Like Lafayette, the women were soon subjected to the horrors of Olmütz prison – the suffocating smells, putrid food, the screams of the other prisoners. But they had survived the Jacobin Terror and knew that they could survive this as well. Soon, they settled into a little routine. Lafayette educated his daughters and told them stories of his adventures in America, the land where they would one day go. As the months went on, their condition improved little by little. Guards allowed the girls to have coloring books, and Adrienne convinced the prison commandant to let her write letters to family members. When the women had come to Olmütz, Lafayette was malnourished and gaunt, naked save for the dirty rags that covered his body. They spent their time fashioning new clothes for him out of their skirts, and gradually his strength began to return. Meanwhile, the Monroes continued to work for their release, and by 1796, even President Washington was writing to his envoys in London, telling them to find ways to liberate his friend. In May, Washington ignored diplomatic formalities and wrote directly to the emperor. "In common with the People of this Country," he wrote, "I retain a strong and cordial sense of the services rendered to them by the Marquis de La Fayette, and my friendship for him has been constant and sincere. It is natural therefore that I should sympathize with him and his family…and endeavor to mitigate the calamities which they experience."

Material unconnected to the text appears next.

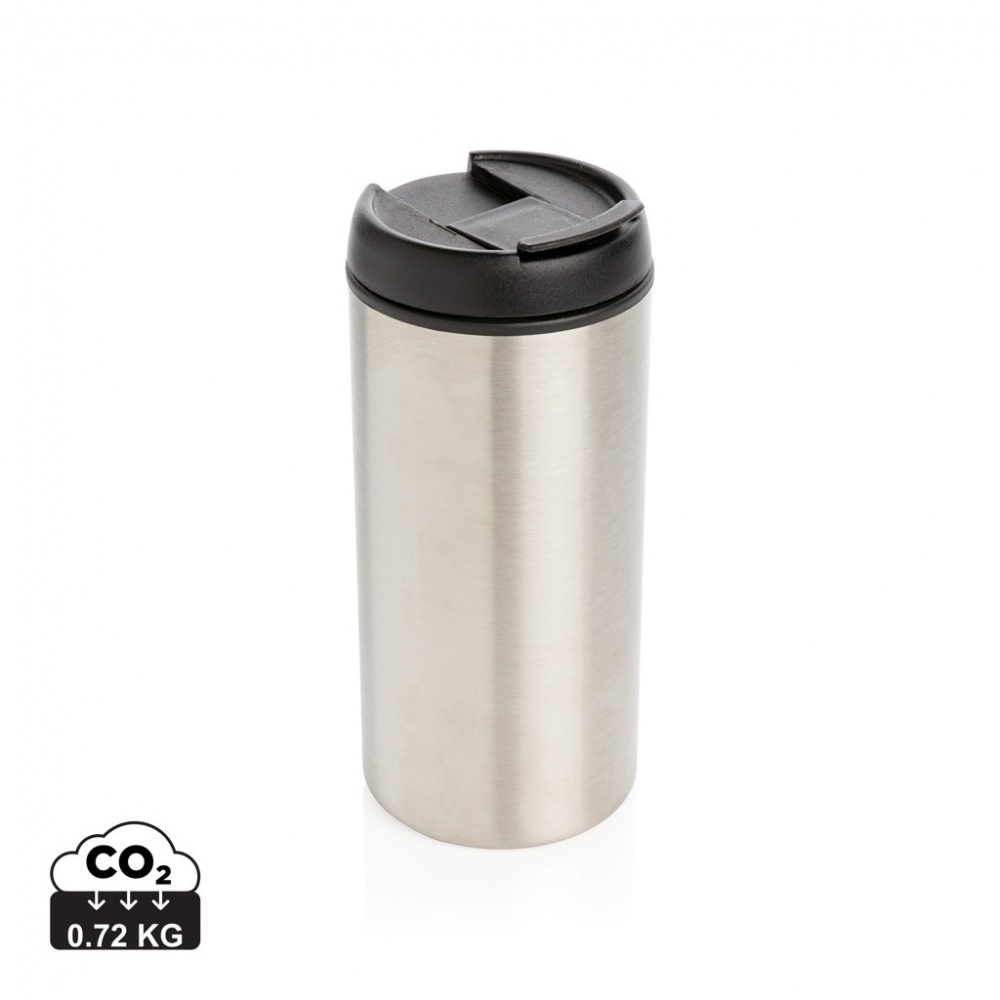 Logo trade promotional merchandise image of: Metro tumbler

Despite Washington's best efforts, the Lafayettes would remain imprisoned for another full year. But in 1797, the Austrians made peace with Revolutionary France after five long years of war. The commanding French general, Napoleon Bonaparte, dictated the terms of the Treaty of Campo Formio, which included the release of Lafayette and the other French prisoners of Olmütz. On 19 September 1797, an Austrian guard led Lafayette, his wife, and his daughters out of the Olmütz fortress and into the bustle of the city. After five years and one month of imprisonment, he was finally free. All along the road to Hamburg, crowds cheered him and his family. When they arrived, they found American merchant ships in the harbor, flags flying high in Lafayette's honor. Eventually, they made their way back to Paris, fatigued and penniless, with gaunt and withered features that made them look older than their years. But they had survived. Lafayette and his family would settle into their new home of the Grange, where he would quietly wait out the despotic years of Napoleon's reign. One day, he would have a role to play in yet another revolution, but for now, he was content to be alive, surrounded by his loved ones.